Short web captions
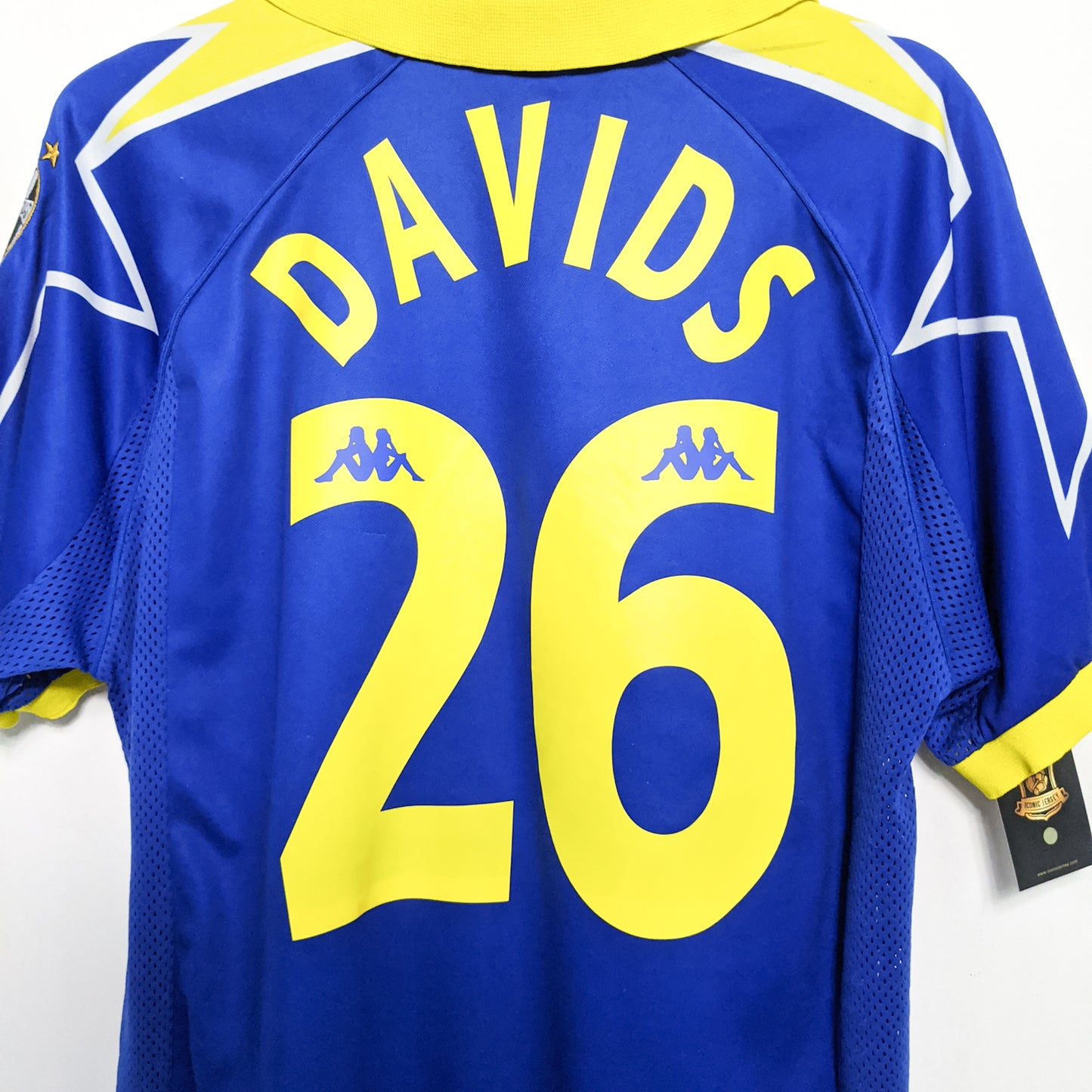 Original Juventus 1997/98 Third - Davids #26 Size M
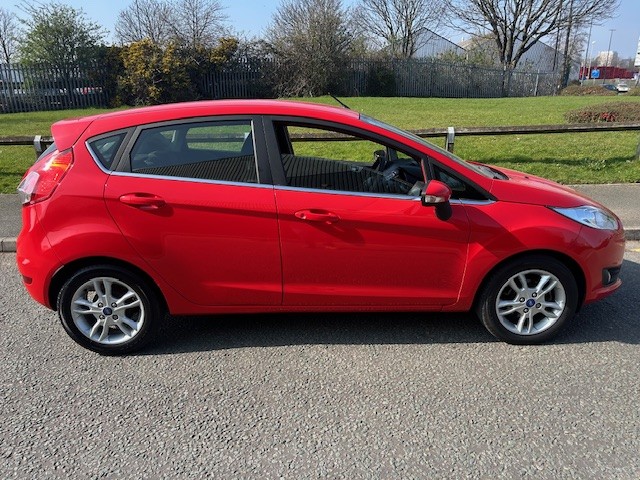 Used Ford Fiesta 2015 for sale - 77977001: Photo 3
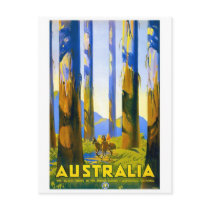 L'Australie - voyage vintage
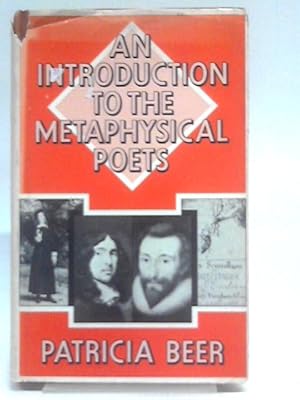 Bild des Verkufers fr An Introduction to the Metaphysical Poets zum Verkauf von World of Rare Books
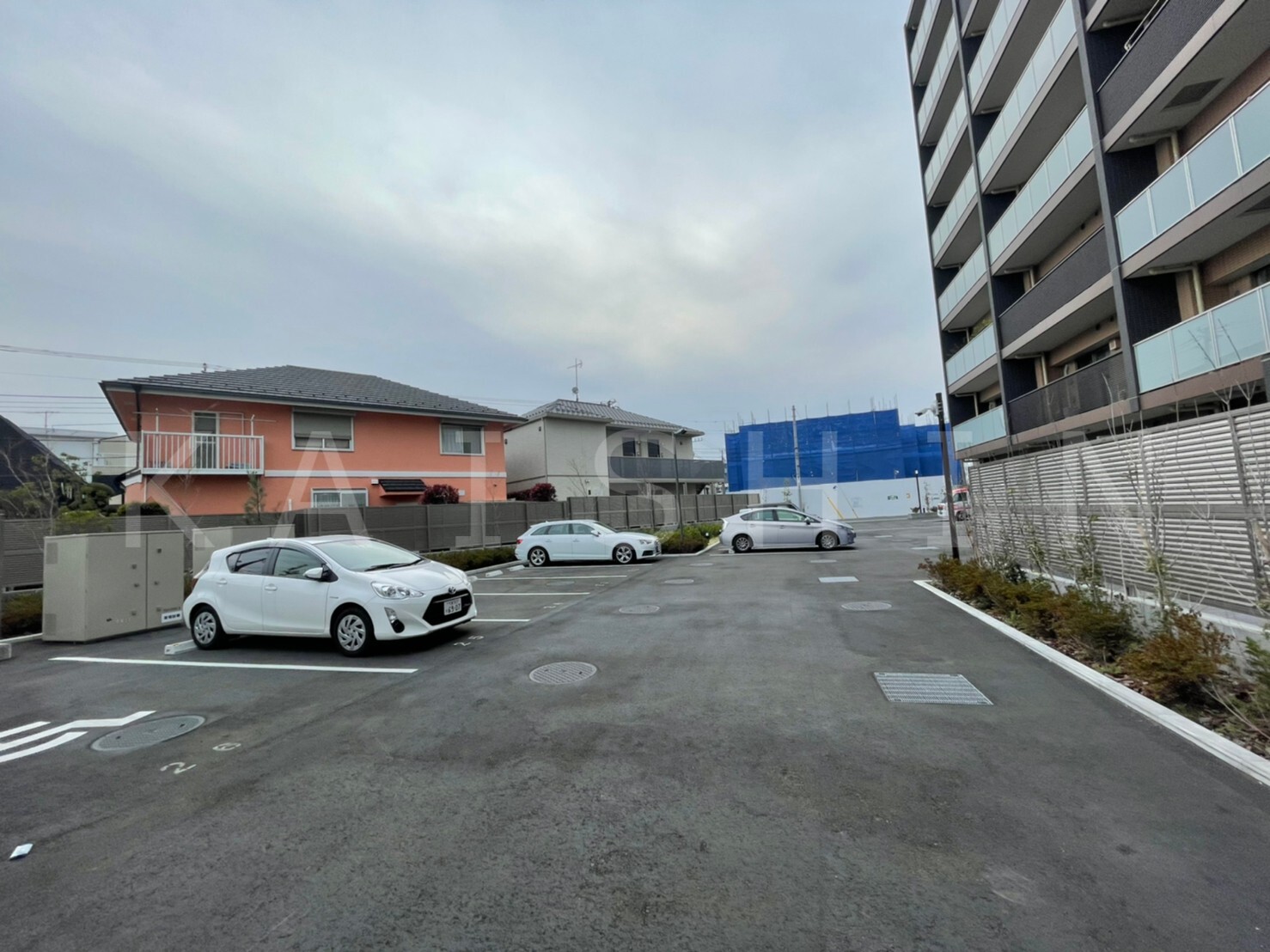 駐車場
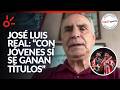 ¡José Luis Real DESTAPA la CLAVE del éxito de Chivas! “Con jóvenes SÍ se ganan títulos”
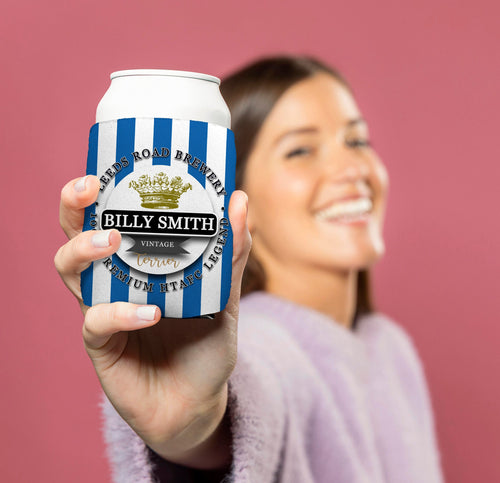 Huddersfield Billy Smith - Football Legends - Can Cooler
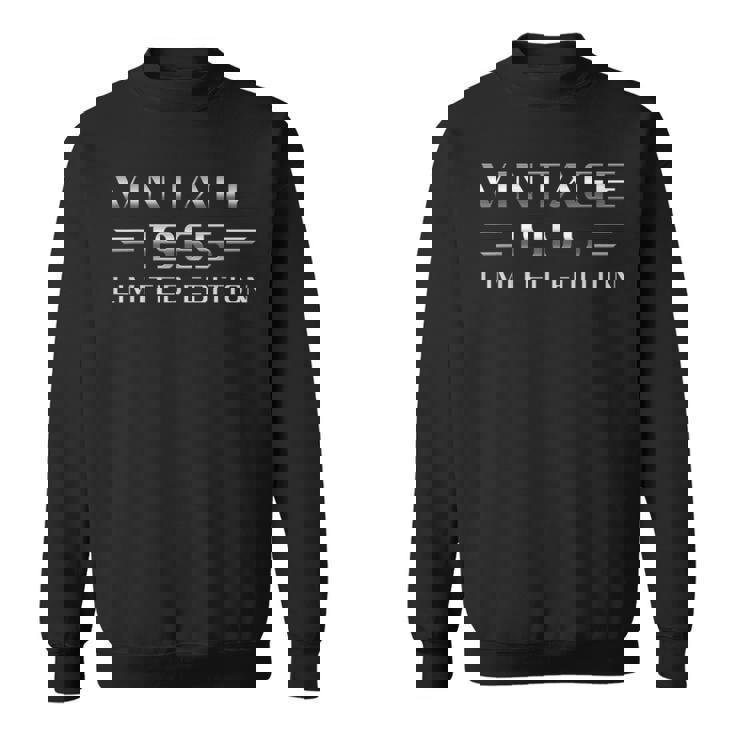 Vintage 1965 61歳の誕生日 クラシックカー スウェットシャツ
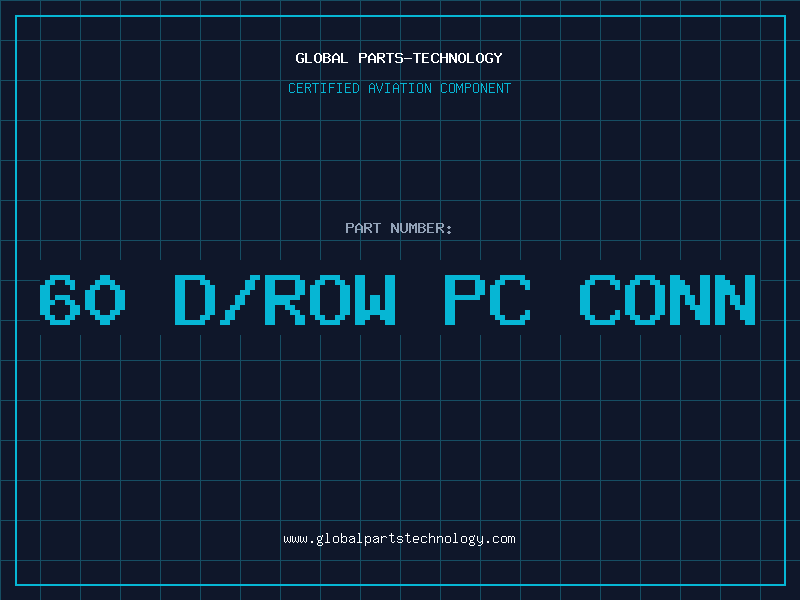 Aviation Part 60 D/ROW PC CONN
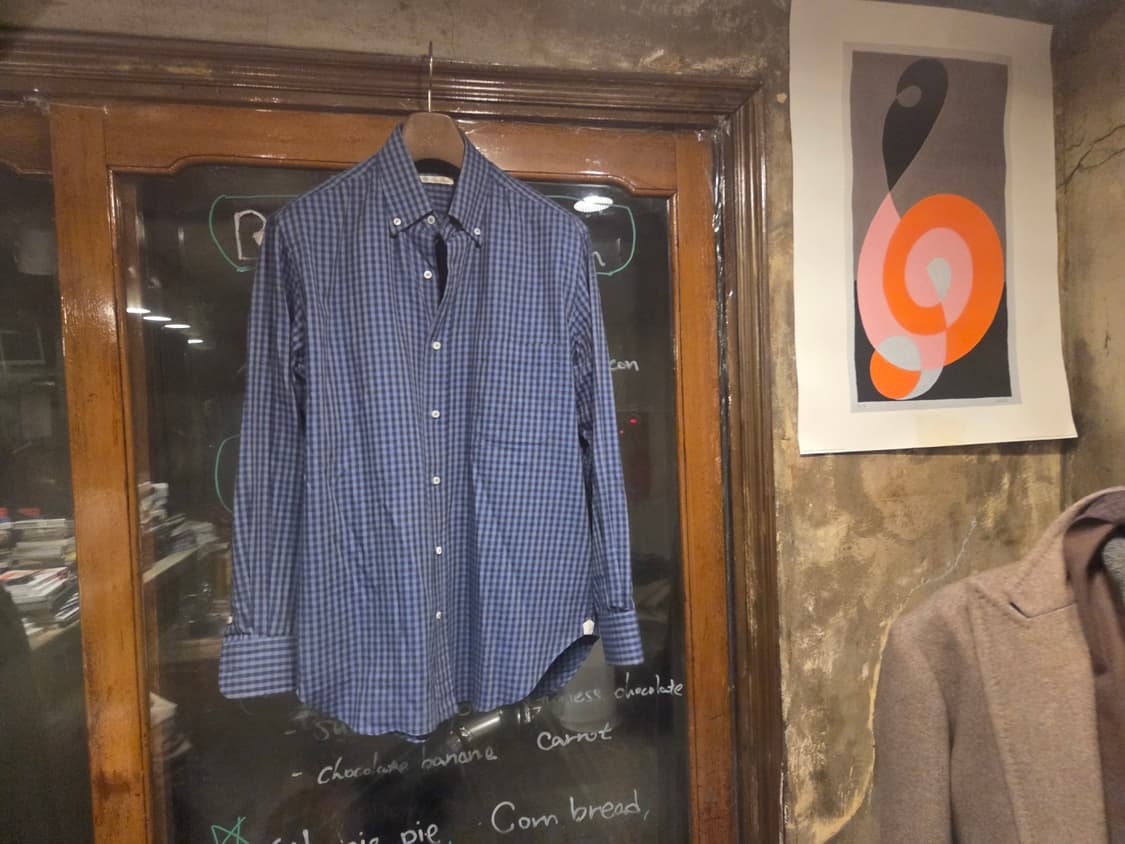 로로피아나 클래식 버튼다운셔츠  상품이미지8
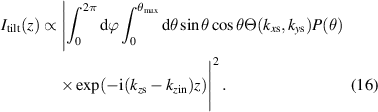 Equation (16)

## PROBLEM STATEMENT
Write every record out again exactly; no pictures belong in the copy.

## WRITTEN REPLY
 Original Juventus 1997/98 Third - Davids #26 Size M
 Used Ford Fiesta 2015 for sale - 77977001: Photo 3
 L'Australie - voyage vintage
 Bild des Verkufers fr An Introduction to the Metaphysical Poets zum Verkauf von World of Rare Books
 駐車場
 ¡José Luis Real DESTAPA la CLAVE del éxito de Chivas! “Con jóvenes SÍ se ganan títulos”
 Huddersfield Billy Smith - Football Legends - Can Cooler
 Vintage 1965 61歳の誕生日 クラシックカー スウェットシャツ
 Aviation Part 60 D/ROW PC CONN
 로로피아나 클래식 버튼다운셔츠  상품이미지8
 Equation (16)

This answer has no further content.